入域観光客数が好調に推移し安売りを避ける状況が出てきたほか、客室改装などが単価上昇に寄与している。安定的な単価上昇ではないとの指摘もある。専門家は、客室単価引き上げは各ホテルがどう付加価値を付けていけるかだと指摘している。
 おきぎん経済研究所による県内29ホテルへの調査によると、ことし5月以降ホテルの客室単価は右肩上がりで推移し、5カ月連続で前年を上回った。宿泊収入も13年12月から10カ月連続で増加した。客室単価の上昇について担当者は「需要が好調に推移している影響で上がっている。
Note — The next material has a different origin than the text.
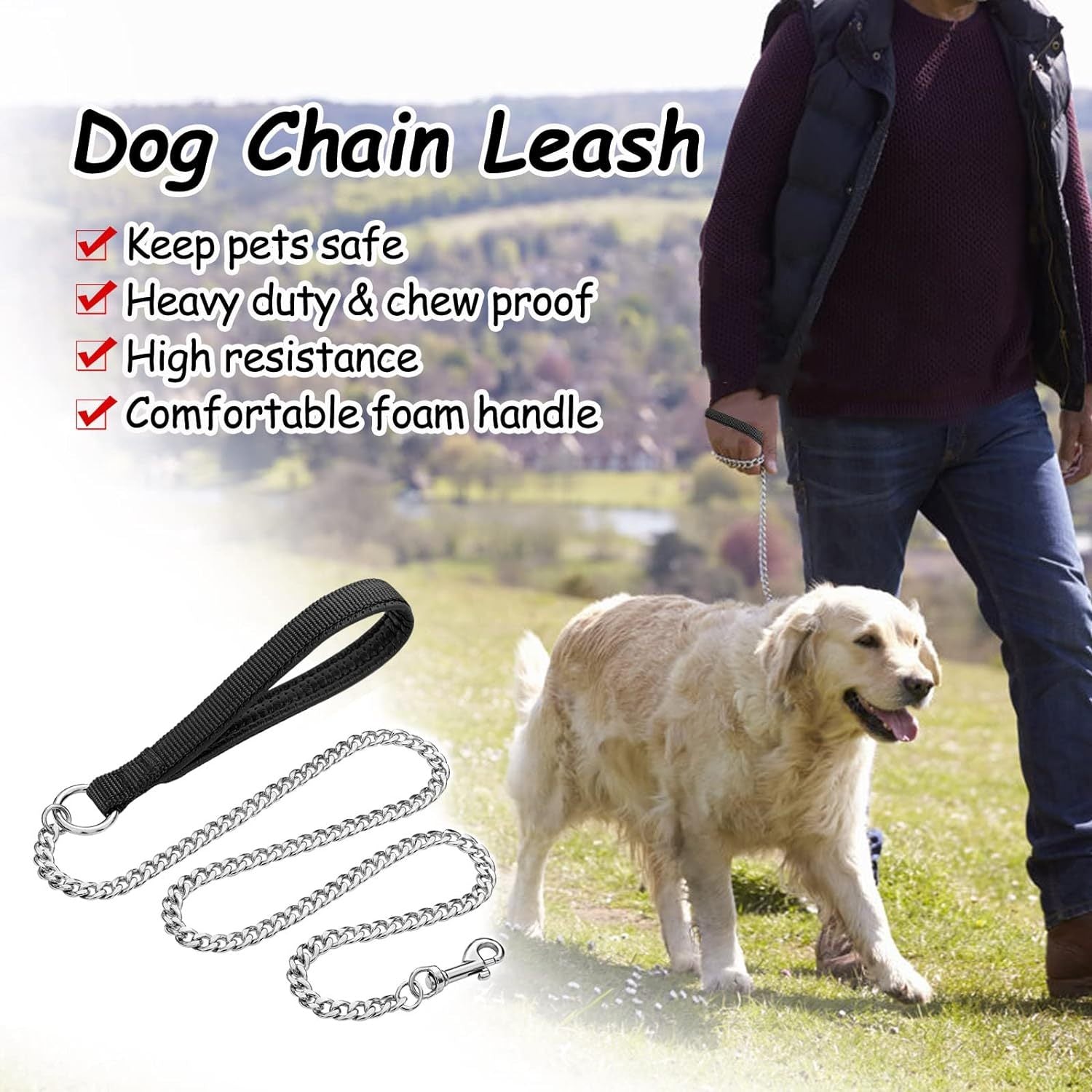 Heavy Duty Metal Dog Leash Chew Proof Pet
増税分で上昇しているものではないとみられる」と分析した。
 県内で6ホテルを有するかりゆし(那覇市)はことし4~9月の客室単価が11%増で、10月以降も前年を上回る見込みだ。當山智士社長は「客室を改装したほか、旅行会社と一緒に取り組んで単価を見直した結果だ」と説明した。「東日本大震災の影響で単価を下げたが、ようやく元に戻ってきた。さらにリーマンショック前の単価に戻りつつある」と話した。
 ホテルJALシティ(那覇市)も、円安の影響で高単価の富裕層を含めた海外客が増え、ことしの1人当たりの宿泊単価は前年より千円増。11月から一部の客室を改装し、高価格に再設定する取り組みも始めた。
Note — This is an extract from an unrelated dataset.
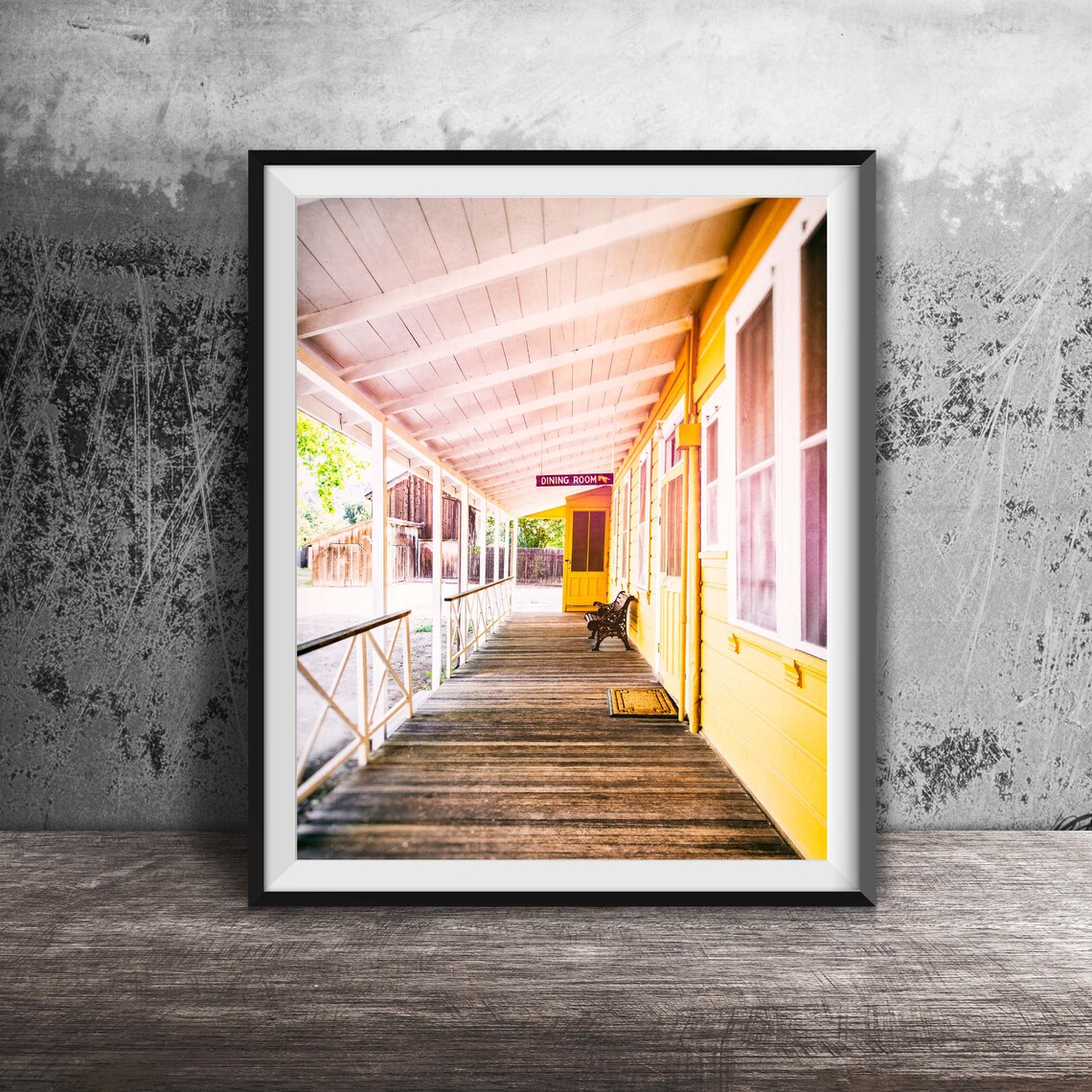 Yellow Building Porch Walkway Dining Room Sign Photography Poster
 一方、県ホテル旅館生活衛生同業組合の宮里一郎理事長は「客室単価増はリゾートホテルなど一部のホテルに限られ、総体的に上がっていない」と述べた。同組合専務理事で那覇セントラルホテル(那覇市)社長の中村聡氏も「ホテルの稼働率は増えているが、単価は上がっていない。一部のホテルの単価が上がったのは円安などの外部要因が影響し、安定的に上昇しているとはいえない」と指摘した。
 琉球大学の上地恵龍客員教授は「1室でも多く売ることが沖縄ホテル業界の慣習だ。空いている客室を埋めることを優先し、単価は二の次にする」と現状を説明した。客室単価引き上げには「ただ単価を上げるだけでなく、品質向上など付加価値をいかに付けて売るかが重要だ」と指摘した。